Canada places sanctions on Syria (Vancouver Sun)
OTTAWA — Canada is imposing immediate sanctions against members of the current Syrian regime in response to the brutal crackdown on protesters in that country, Foreign Affairs Minister John Baird said Tuesday.
Adopted under the Special Economic Measures Act, the sanctions include a travel ban on President Bashar al-Assad and others associated with his regime as well as an asset freeze.
Canada has also announced an immediate ban on exports of certain goods and technologies, including arms, munitions, military, nuclear and strategic items intended for use by Syrian armed forces, police, government agencies or other security personnel, Baird said.
Bilateral co-operation agreements and initiatives between Canada and Syria will also be suspended, while people living in Canada as well as citizens living abroad will be barred from dealing in property belonging to listed individuals.
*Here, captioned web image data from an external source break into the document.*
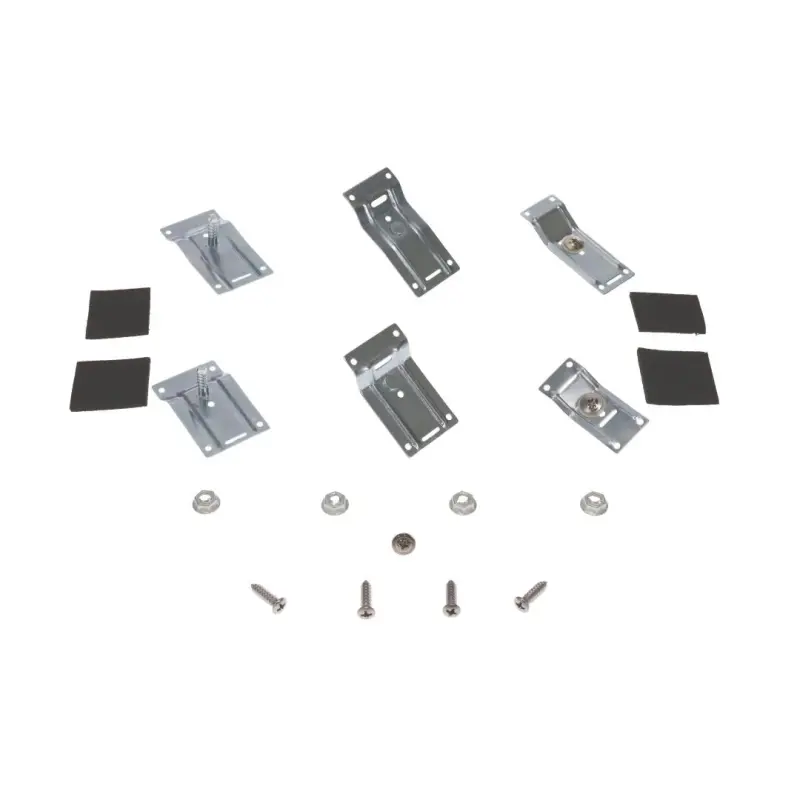 Lower Door Molding Hardware - LH or RH - 67 Camaro - Rally Sport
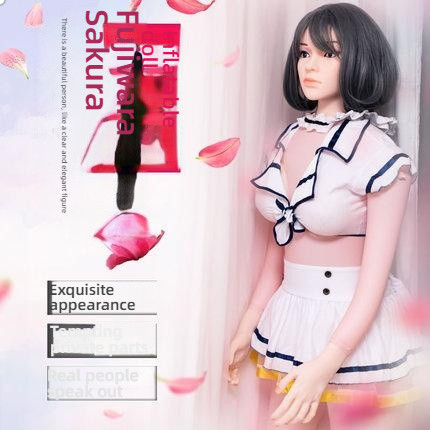 Diao style Fujiwara Sakura's four limb movements are finalized, real voice inflatable doll 155cm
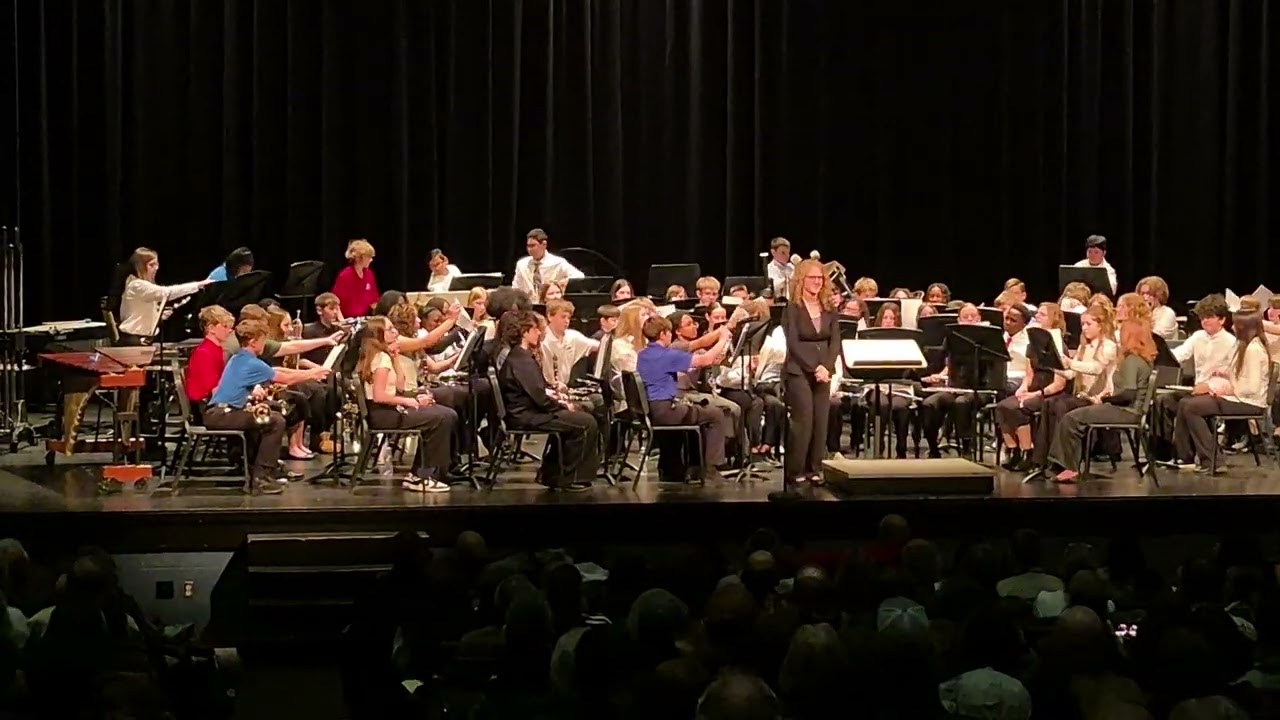 Fia All District Band Concert 🥁 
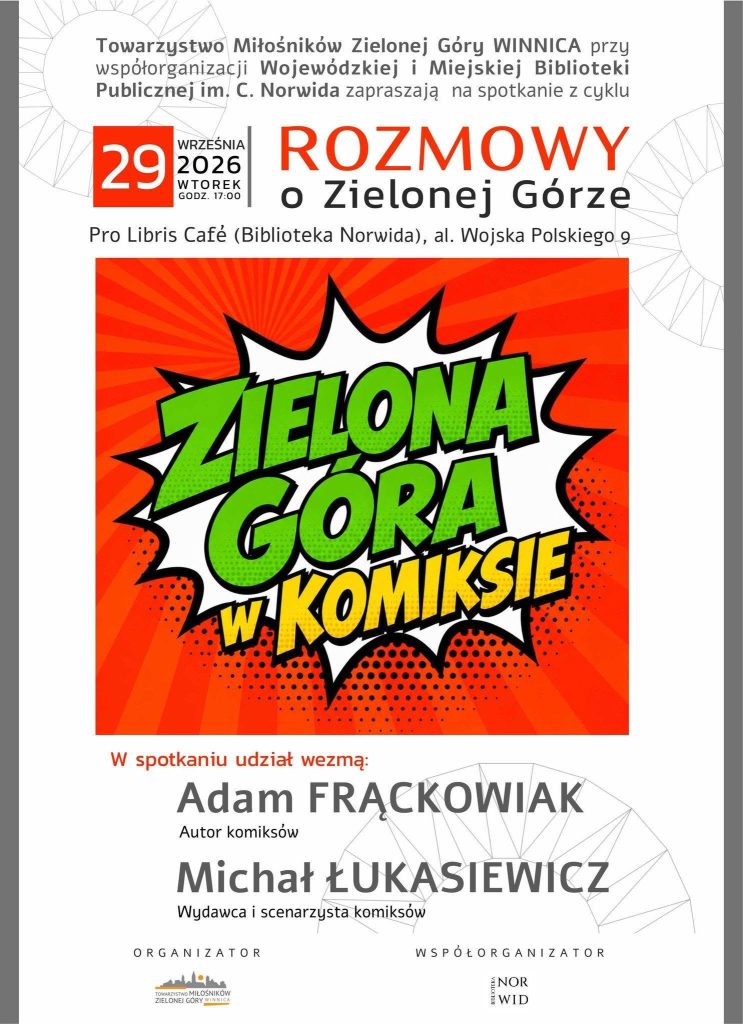 Zielona Góra w komiksie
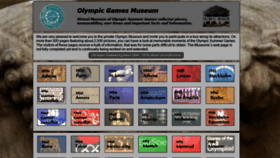 What Olympic-museum.de website looked like in 2021 (3 years ago)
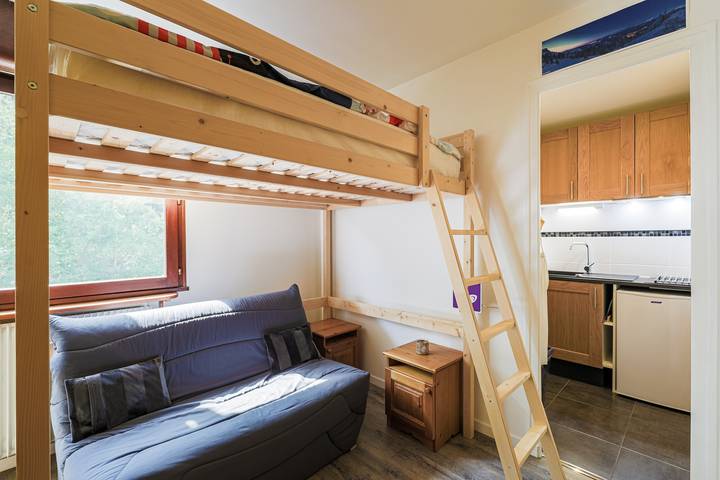 Appartement entier, La Pause du Lindar - Studio avec Balcon in Aillon-le-Jeune, Région de Chambéry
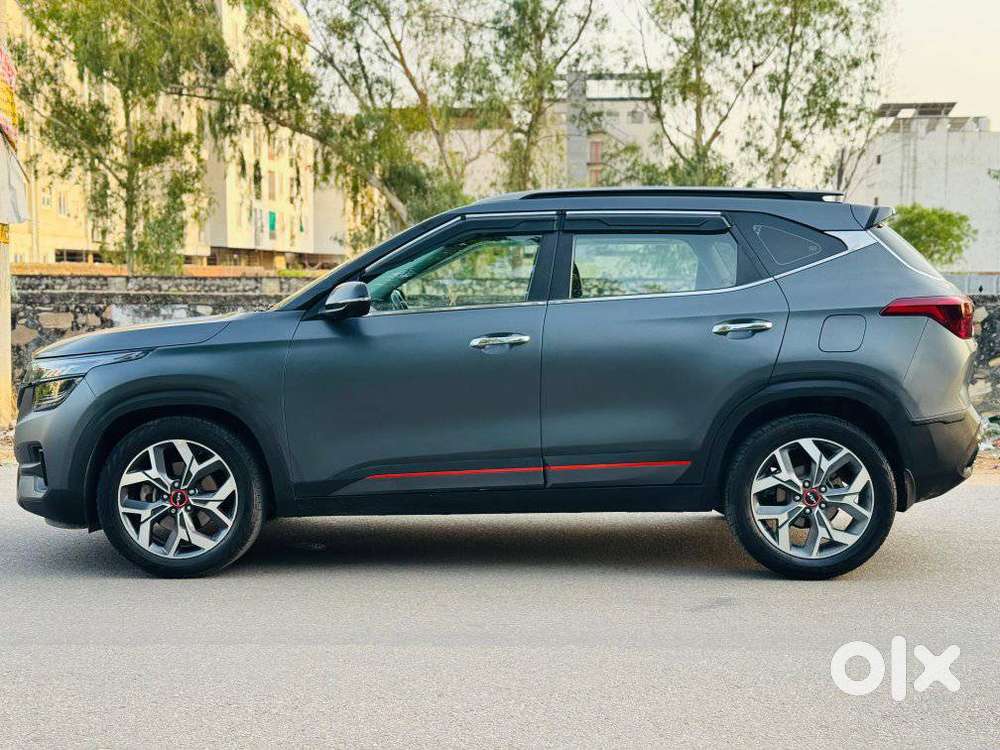 Kia Seltos 1.5 X-line Diesel At, 2021, Diesel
Canada is also recommending against all travel to Syria, Baird said.
“The sanctions we are putting in place will target the current Syrian regime and are not intended to punish the Syrian people,” he said. “The Syrian people have clearly expressed a desire for a more transparent system of government and their call for a more democratic society has been heard.”
Baird made the announcement at a hastily arranged news conference on Parliament Hill. It came after senior cabinet ministers met to discuss the issue and formulate a response to the government-sanctioned violence occurring in Syria.
Prime Minister Stephen Harper had asked his ministers last week for options on imposing sanctions on Syria.
He travels to France later this week for the annual G8 summit, where this year’s discussions are expected to be dominated by the wave of democratic protests that have been sweeping through the Arab world in recent months.
Harper is particularly angry with the actions of the Syrian president who has insisted on using violence to suppress protesters.
“Canada is gravely concerned at the excessive use of force by the Syrian regime against its own people, which has reportedly resulted in the deaths of hundreds of civilians and the detention of thousands more,” Harper said in a statement. “The sanctions being announced today are a repudiation of Syria’s blatant violation of its international human rights obligations that threaten the security of the entire Middle East.”
Shortly before Canada unveiled its plan to impose sanctions, the Opposition noted its support for such a move.
NDP leader Jack Layton said it’s something his party called for several days ago.
“We believed that kind of significant action should be taken by the Canadian government and that it should be followed up always with an offer to assist with the resolution of difficult conflict situations,” he said.
“We’re very supportive of the impulse that’s emerging in so many of these countries toward the creation of more democratic, open and accountable governance.”
According to the latest estimates, about 1,000 civilians have died in two months of clashes between government forces and protesters. Syrian authorities dispute this, blaming armed groups instead.
A spokesman for Harper said last week that the prime minister believes the actions of the Syrian government against civilians are “unacceptable” and that he will raise the situation with his counterparts at the upcoming G8 summit in Deauville, France.
Last Friday marked the 10th consecutive week protesters have defied the crackdown to take to the streets in what has become an escalating cycle of demonstrations, gunfire and arrests. Syrian troops have besieged and bombarded several of the top protest flashpoints, yet protesters are still demonstrating in some towns.
The United States and Europe have already imposed sanctions on Syria. Washington has frozen assets held by Assad and his top political aides to put pressure on the regime, while the European Union has placed an arms embargo on the country.
The wave of protests is the most serious challenge to Assad’s 11-year rule. His minority Alawite family has held power over majority Sunni Muslim Syria for four decades. The uprising followed revolts that ousted leaders in Egypt and Tunisia.
According to Foreign Affairs, Canada exported $59,950,742 worth of goods to Syria last year an imported $16,731,777.